Mat Pilates Exercises – Stretching
Speaking of stretching, mat pilates offers bountiful opportunities to increase your flexibility and bring mobility exercises into your daily routine.
We’re going to look at two stretch-focused pilates exercises today, one of which is more about a true stretch and body loosening, while the other incorporates some strength and core work as well.
Let’s start with the classic spine stretch – sit on your mat about 2/3rds of the way to the rear of the mat, with your legs out in front of you. Make a “V” shape with your legs, slightly larger than shoulder width apart. Now, with excellent posture, sit up tall and raise your arms directly above your head. Slowly, lower your body down and keep your arms straight to reach towards your toes as far as possible. You should feel the majority of this stretch in two places – your back (spine), and your hamstrings. Keep working this pose every day to see amazing progress!
If you’re wanting to work on strength as well while you get your stretch in, have a go at the single leg stretch pilates exercise. In this one, you’ll be lying flat on your mat in a resting position on your back. Then, you’ll simultaneously lift your torso and feet off of the ground to form a slight “V” with your body. As your core holds your torso upright, point your left toe and bring your right knee into your chest with a gentle hug. Then, repeat the process with the other leg. This gives you an opportunity to get a deep stretch while also getting that core burn in at the same time.
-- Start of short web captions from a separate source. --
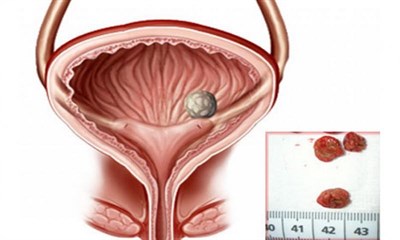 Камни мочевого пузыря: симптомы и причины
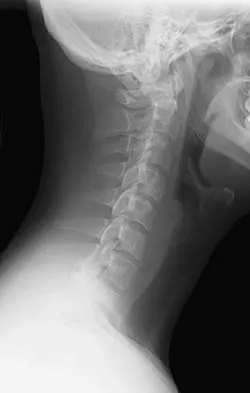 AAOS & ABOS Spine Surgery MCQs (Set 4): Spinal Trauma, Cervical Myelopathy & Adult Scoliosis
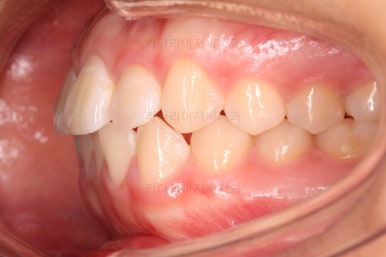 사직동교정치과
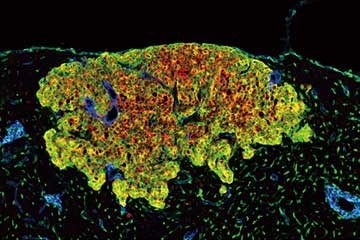 How do metastatic tumor cells grow in lymph node?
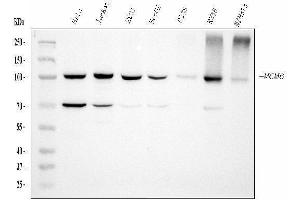Western blot analysis of MCM6 using anti-MCM6 antibody (ABIN7600038). (MCM6 抗体  (AA 14-821))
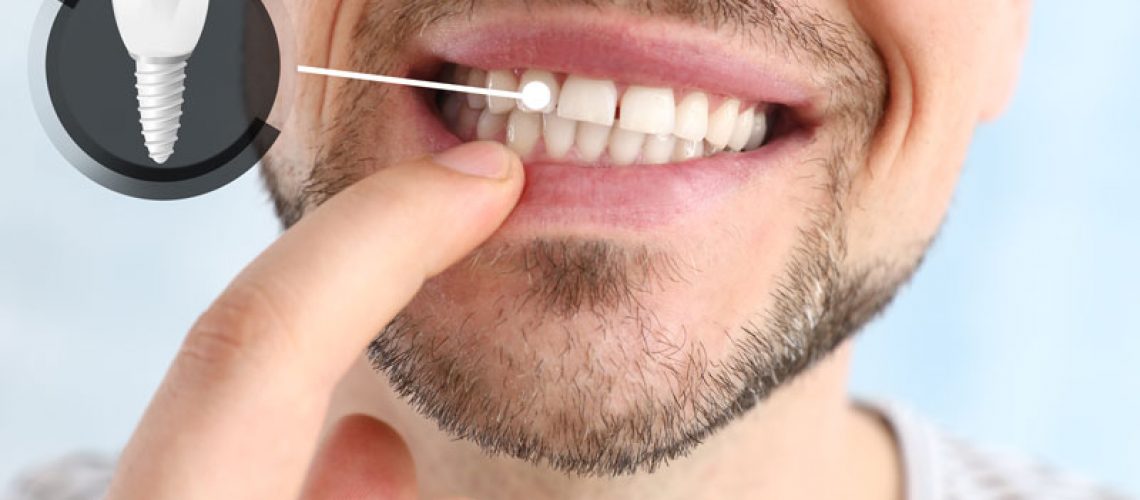 2024-4-Dental-Implants-2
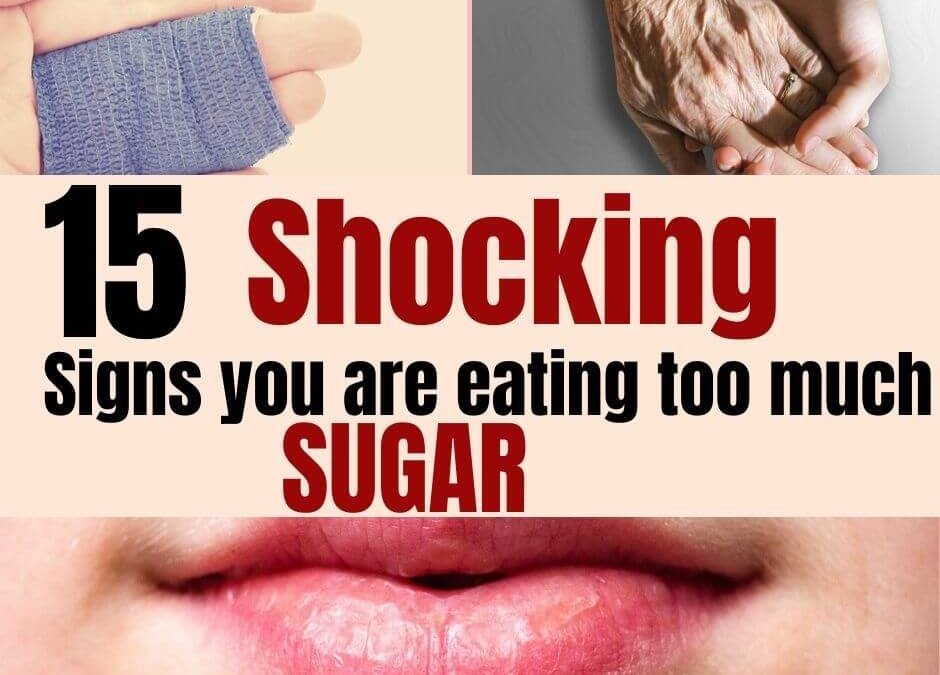 15 Shocking Signs You’re Eating Too Much Sugar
Mat Pilates Exercises – Strength
OK, you’re ready to try a pilates exercise that’s more challenging and centered around strength and toning? Let’s work the “hundred”, one of the most popular mat pilates exercises. Similar to the previous exercise, we’ll want to start on our backs on the mat and lift up from shoulders and feet to form that slight body “V”. This time, however, we’ll raise the legs even higher, to form a 45 degree angle. Then, arms rise off the mat as well, pointed straight down toward your toes. With firm arms extended, inhale and exhale as you move your arms up and down, as if you were treading water. The combination of arm engagement, core burn, and leg work from the position you’re in all combine to make “the hundred” one of the most powerful ways to start seeing results from mat pilates, even by yourself at home!